- **Task**:
Using the listing below, set down each line from the line containing "The Monster | Boomplay Music" through the line containing "Secondary Air Pump", both ends included, exactly and with nothing added.

- **Records provided**:
^^^^
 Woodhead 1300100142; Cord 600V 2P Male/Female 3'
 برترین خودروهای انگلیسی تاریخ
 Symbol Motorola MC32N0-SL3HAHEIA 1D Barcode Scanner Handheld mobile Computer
^^^^
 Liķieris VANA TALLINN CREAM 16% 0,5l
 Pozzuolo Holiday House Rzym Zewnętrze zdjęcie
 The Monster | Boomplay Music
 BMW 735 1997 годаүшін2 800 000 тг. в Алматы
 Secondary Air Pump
^^^^
- **Answer for this exercise**:
 The Monster | Boomplay Music
 BMW 735 1997 годаүшін2 800 000 тг. в Алматы
 Secondary Air Pump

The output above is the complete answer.